Les chercheurs pointent plusieurs mécanismes en cascade : moins de temps passé ensemble « en vrai », davantage de temps rivé à l’écran, une consommation de pornographie en hausse… Et, au bout de la chaîne, moins de rencontres susceptibles de déboucher sur une naissance.
Ce constat en croise un autre, plus ancien et tout aussi préoccupant : celui des ondes radiofréquences et de leur action présumée sur les spermatozoïdes. Le sujet avait notamment été étudié dans une revue scientifique de 2025.
Réalisée par les chercheurs turcs Hava Bektas et Suleyman Dasdag, elle s’appuyait sur une centaine d’articles scientifiques, et semblait confirmer plusieurs effets de nos téléphones sur la fécondité, en particulier chez les hommes : élévation de la température testiculaire (compromettant la qualité du sperme), modification du taux d’hormones reproductrices masculines, altérations de la structure des testicules…
Pour mieux procréer, faut-il mettre son téléphone à la poubelle ?
Avant de céder à la panique (et de sacrifier un appareil à 1 000 euros sur l’autel de la démographie), un peu de nuance s’impose. Les deux études de 2026 sont à l’état de working papers, ce qui signifie qu’ils n’ont pas fait l’objet d’une révision par les pairs de la communauté scientifique. Ensuite, comme nous venons de le voir, ces travaux décrivent surtout une évolution de nos habitudes sociales ; or celles-ci sont imputables à d’autres ressorts que la seule arrivée du smartphone dans nos poches.

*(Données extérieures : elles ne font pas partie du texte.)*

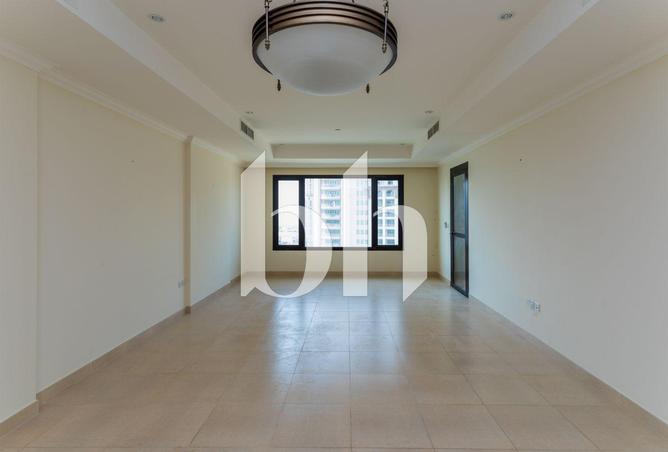 925897 - Property Image 2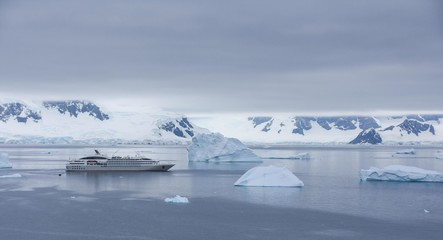 Fototapeta na wymiar croisière antarctique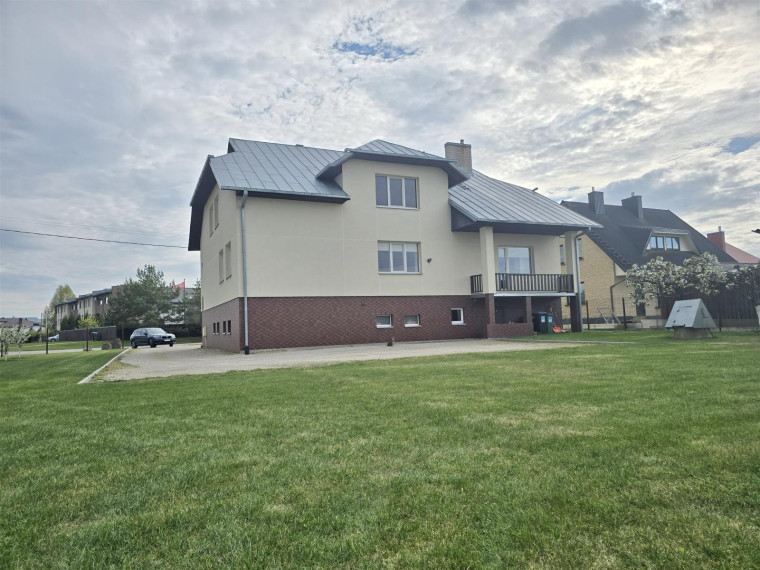 Parduodamas namas Dvaro g., Molainių k., Panevėžio r. sav., 280.80 m² ploto 5 kambariai 4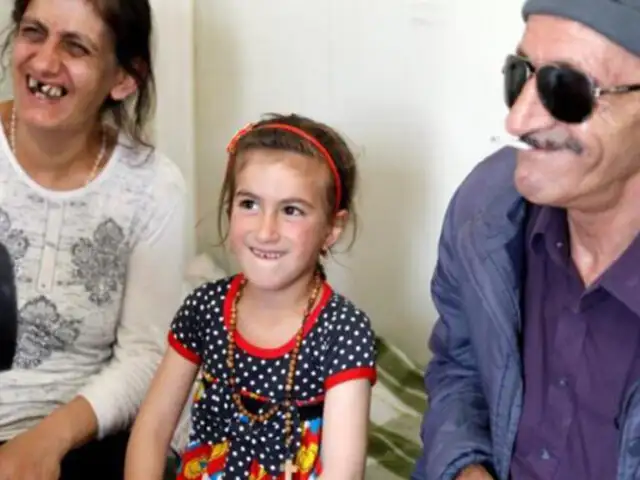 Irán: niña se reúne con sus padres tras 3 años de cautiverio a manos del Estado Islámico.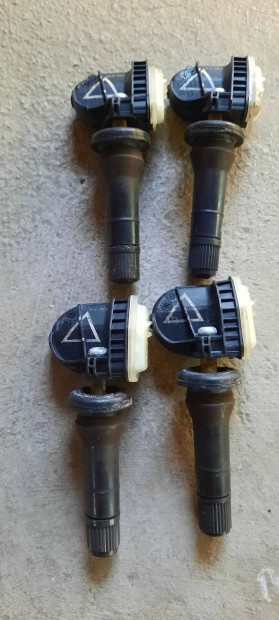Ford Tpms szenzor+szelep garnitura 2017 töl gyartott modellekhez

La corrélation, aussi robuste soit-elle, ne vaut pas preuve absolue : les auteurs reconnaissent eux-mêmes ne pouvoir totalement écarter d’autres différences entre comtés. D’autant qu’aux États-Unis, le repli de la natalité s’est amorcé dès le début des années 1990, bien avant que le moindre iPhone ne soit commercialisé. Le smartphone aurait donc accéléré une tendance préexistante, sans en être le déclencheur.

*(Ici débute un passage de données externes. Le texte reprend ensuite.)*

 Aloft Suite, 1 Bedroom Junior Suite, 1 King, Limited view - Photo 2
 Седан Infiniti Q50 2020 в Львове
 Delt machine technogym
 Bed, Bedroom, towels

Quant aux effets sanitaires des ondes, ils ne font pas (encore) consensus dans la communauté scientifique. Des associations comme Alerte Phonegate, qui ont fait de ce combat leur cheval de bataille, recommandent d’en limiter l’exposition par quelques gestes simples : éviter de glisser son téléphone dans la poche du pantalon, et désactiver certaines fonctions « invisibles » (comme le Wi-Fi ou le Bluetooth) tant qu’on ne s’en sert pas. Mais c’est avant tout aux fabricants de téléphone qu’il reviendra, le cas échéant, de s’emparer du dossier.
Et vous, combien d’heures votre téléphone vous a-t-il « volées » cette semaine ? Allez donc jeter un œil à votre temps d’écran : il dépasse souvent, et de loin, ce qu’on imaginait. De là à conclure qu’il vous a empêché de concevoir votre future progéniture… Nous vous laisserons seul juge de ce verdict.